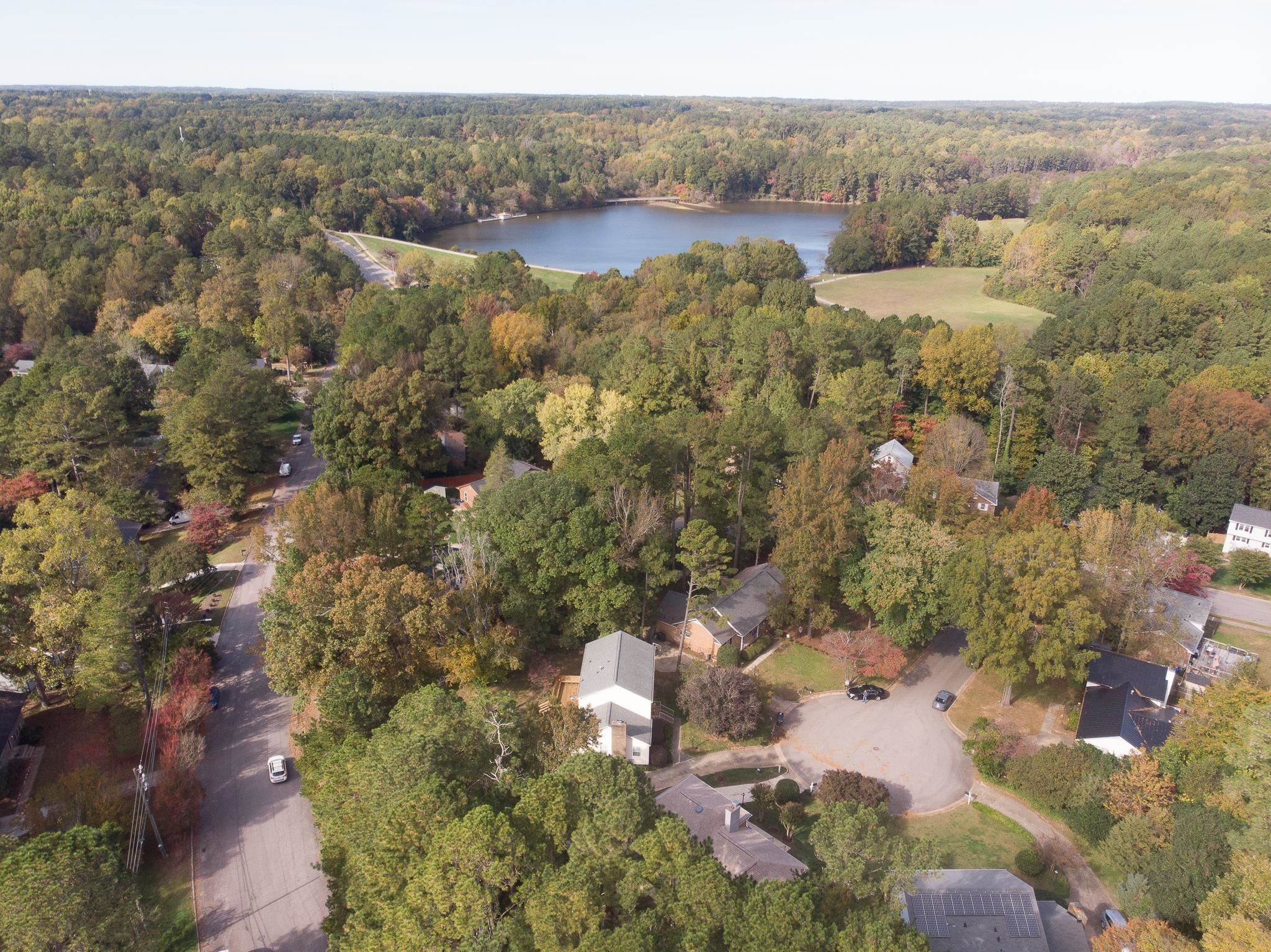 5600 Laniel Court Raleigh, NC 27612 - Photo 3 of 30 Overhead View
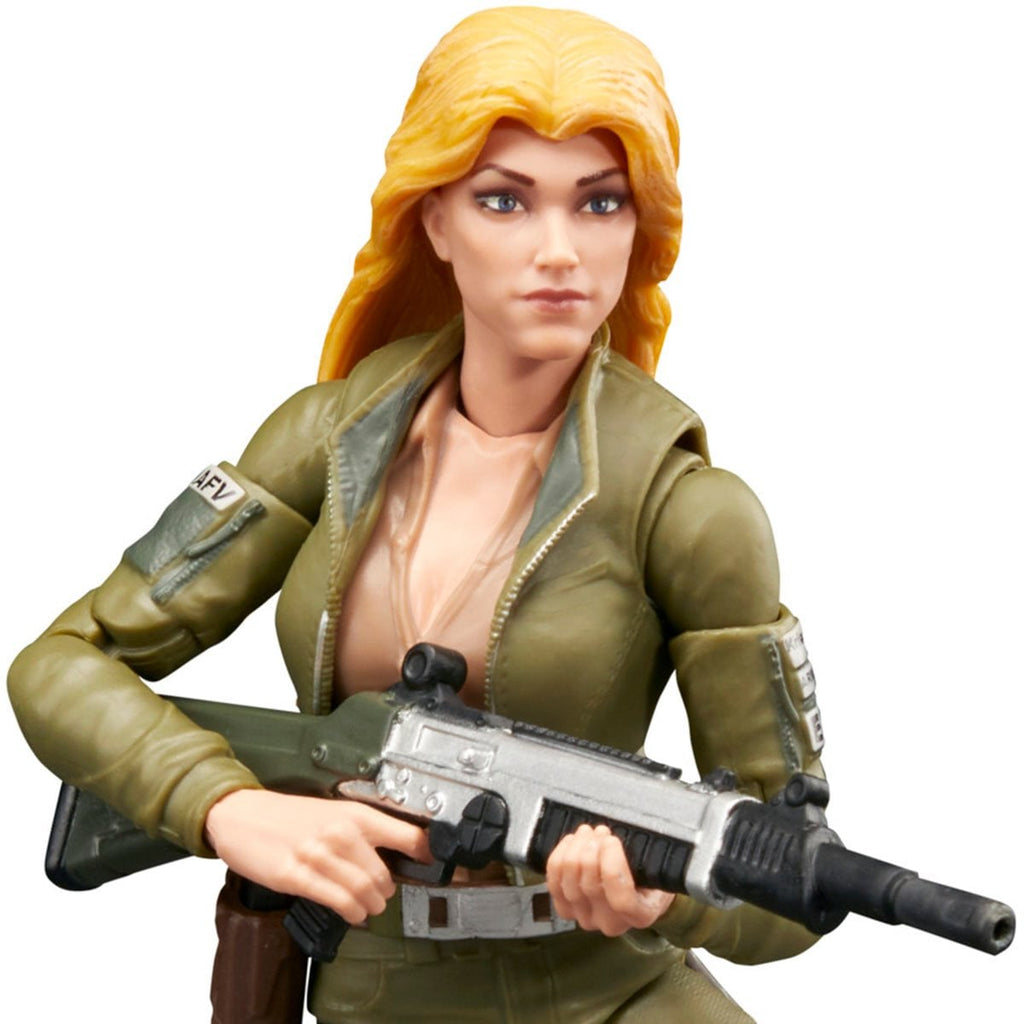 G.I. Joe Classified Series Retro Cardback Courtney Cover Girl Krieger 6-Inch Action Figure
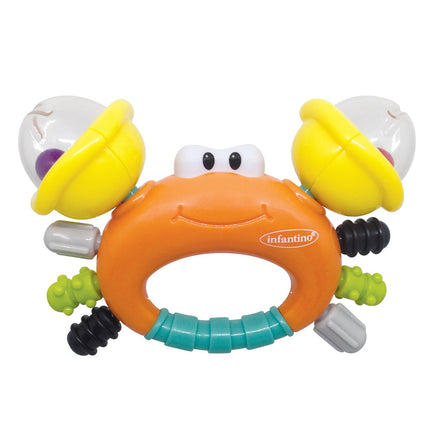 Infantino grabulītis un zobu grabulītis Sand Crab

## About this task
Copy the full listing above exactly, apart from the pictures.

## Exercise result
 5600 Laniel Court Raleigh, NC 27612 - Photo 3 of 30 Overhead View
 G.I. Joe Classified Series Retro Cardback Courtney Cover Girl Krieger 6-Inch Action Figure
 Infantino grabulītis un zobu grabulītis Sand Crab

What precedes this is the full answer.